City planners often neglect best-laid plans
The Jakarta Post, Jakarta
A group of young architects and urban designers worked 24 hours a day, seven days a week, for months on a design competition held by a city agency. They got the award but not the satisfaction of seeing their design materialize.
They saw an aluminum construction in place of their proposed design which applied used containers.
The proposed design is now a city feature that Jakartans have gotten used to since 2003, the busway stops and pedestrian bridges. And they cost triple the winning design.
Disappointment often follows success for those participating in urban planning and design competitions held by various city agencies and administrations as the designs often end up only on paper.
Jakarta's recent urban planning competition on the revitalization of Senen area in Central Jakarta was no exception. The competition aimed to seek the best ideas to bring back the atmosphere of the area as one of the city's oldest economic centers.
"The landowner only wants to build one huge structure over the area.

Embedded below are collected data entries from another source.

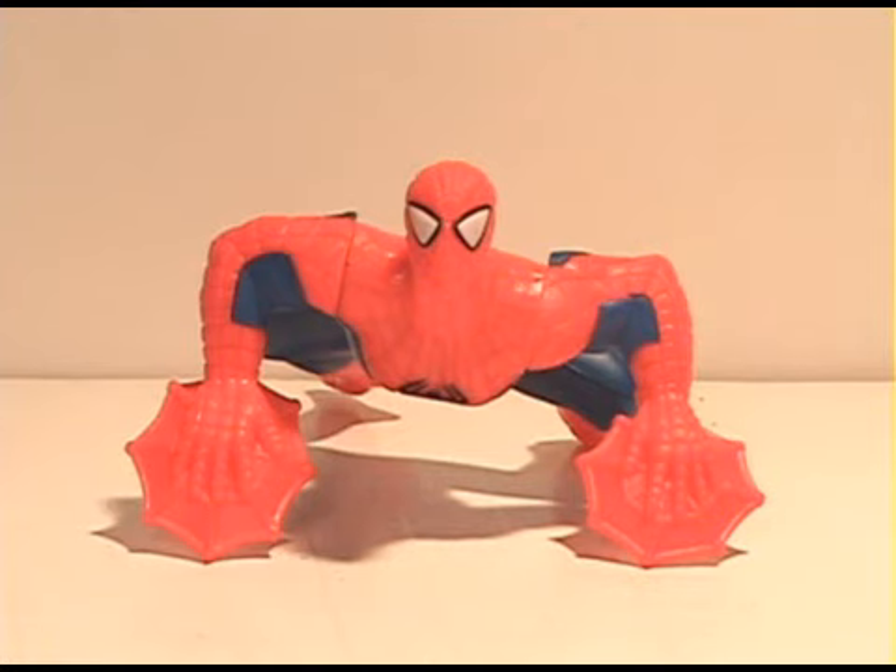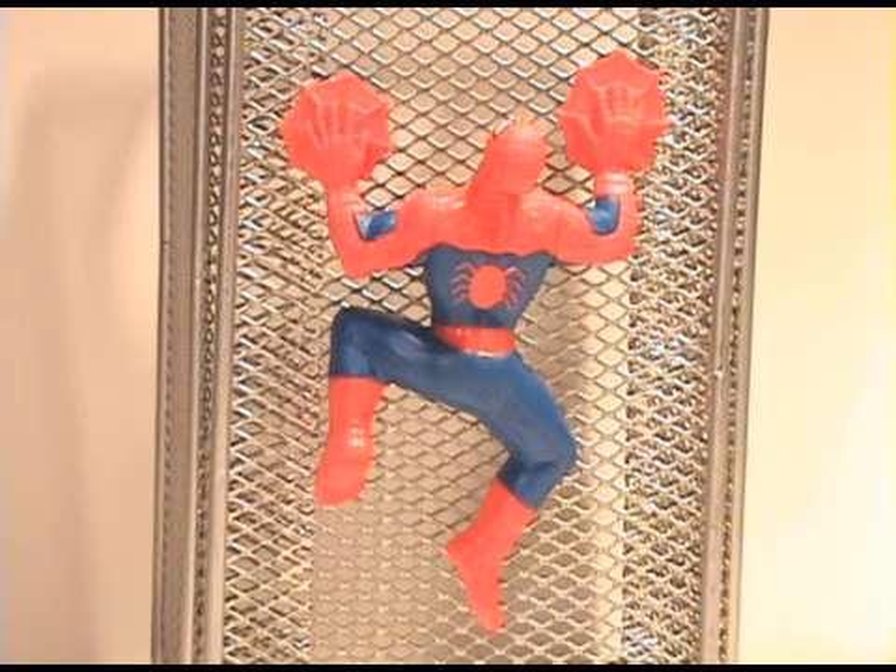Spider-Man has articulation in the arms and in the head, and his gimmick here is pretty cool. He can stick to refrigerators or anything that's metal, and I'll show you a good example of that. Because I don't have a refrigerator in my room, I use this metal tin thing I have to store papers and stuff, and it holds up really well there.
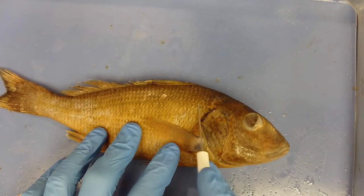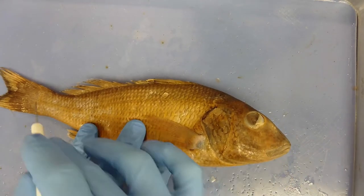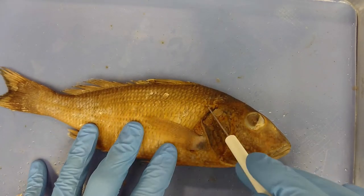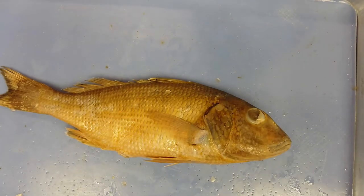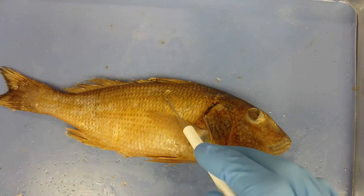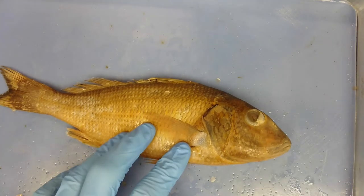Another sensory organ on the outside of the body is the lateral line system. This line of scales has pores that allow water to flow in, and each pore has a canal with a cell at the end bearing a flagellum. When a pressure wave hits the lateral line, it moves that flagellum, which the fish interprets as a nervous impulse sent to the brain.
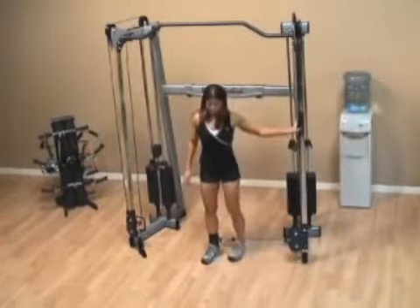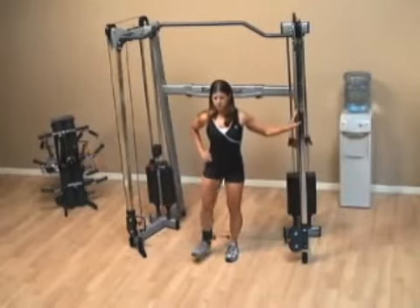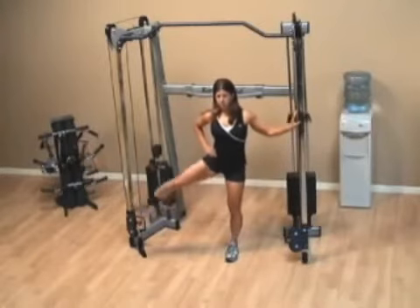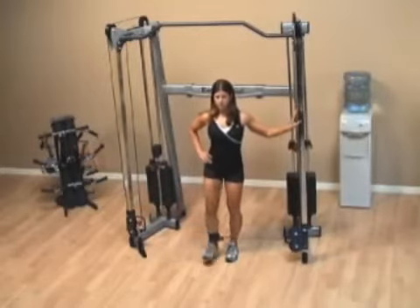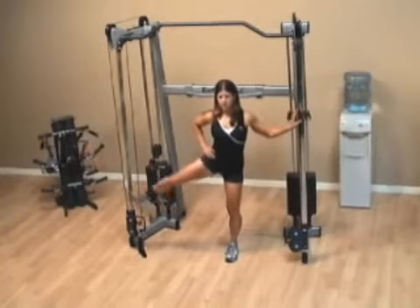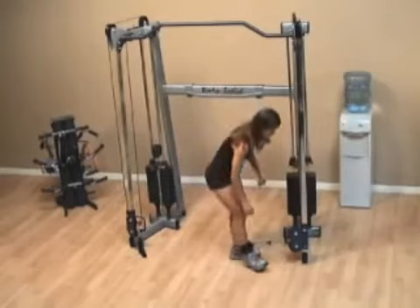Stand up, step away from the weight stack just a bit, and bring the leg out away from the stack. When you bring the foot down, don't let it touch the ground and don't let it touch your other foot. Keep your torso straight and concentrate on feeling this in the outer part of your thigh and the glute area.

We have met with them several times, but it is difficult to make them see that it is not going to work," said architect cum urban planner Danang Priatmodjo, whose team, PT Jakarta Konsultindo, won first place in the competition.

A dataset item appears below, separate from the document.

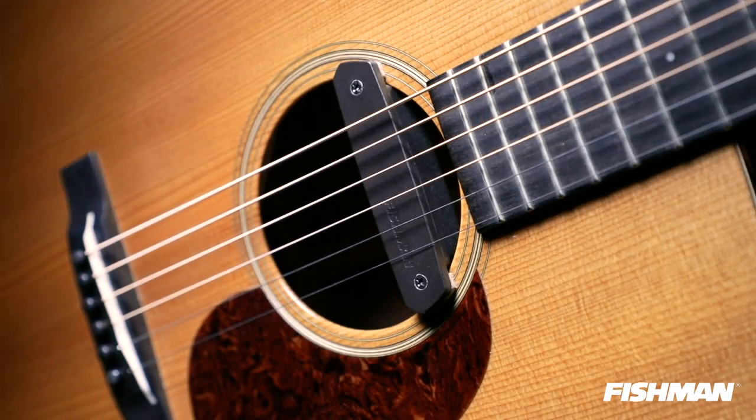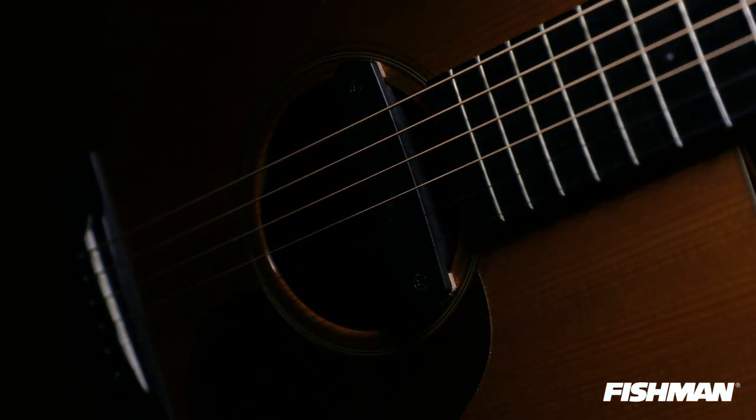The NEO-D humbucking pickup is a great choice for singer-songwriters. The dual coil design provides a nice quiet signal and gives you a richer, fuller tone. Here's a quick example of the sound quality of the NEO-D humbucker.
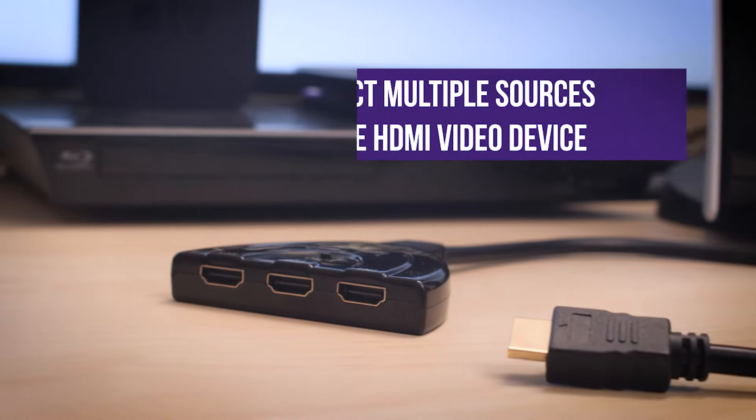To install the switch, plug the attached HDMI cable into the desired input. Then plug the AV components into inputs 1, 2, and 3 on the switch. Lastly, press the select button to switch between video sources.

Originally, the team proposed a concept of separate blocks connected with walkways that would also accommodate the area's large number of street vendors.
"We want to introduce a new vocabulary in architecture to the cityscape by breaking up the blocks and allowing people to walk in between them," said Danang.
He added that competitions were actually a good opportunity for administrations to listen to suggestions from the public and absorb the best of them.
Separately, city market operator PD Pasar Jaya, one of the stakeholders in Senen, said that the winning design took the historical and sociological considerations too far.
"Designing apartment blocks or markets does not need those considerations," said PD Pasar Jaya public relations officer Nurman Adhi, adding that construction would start next year.
The latter perspective, commonly found among developers, meets a lot of criticism from urban planners.
"There is no point in having competitions if later on business considerations predominate," said urban planner Mohammad Danisworo, who is also a member of the city's architectural advisory board.
The Senen competition awarded Rp 75 million in total prize money to its winners, who occupied themselves in months of comprehensive studies on the social and physical aspects of the project before coming up with a plan for an area, he said.
Jakarta's latest competition on the historical area of Jatinegara in East Jakarta has come up with winning designs, which Danisworo referred to as fresh ideas.
The first place winner, a team from the Urban Design Study Center in Bandung proposed that the area accommodate street vendors by making it a shopping arcade.
"Accommodating the vendors means that we solve the traffic problem," said Heru Purbo, a member of the team.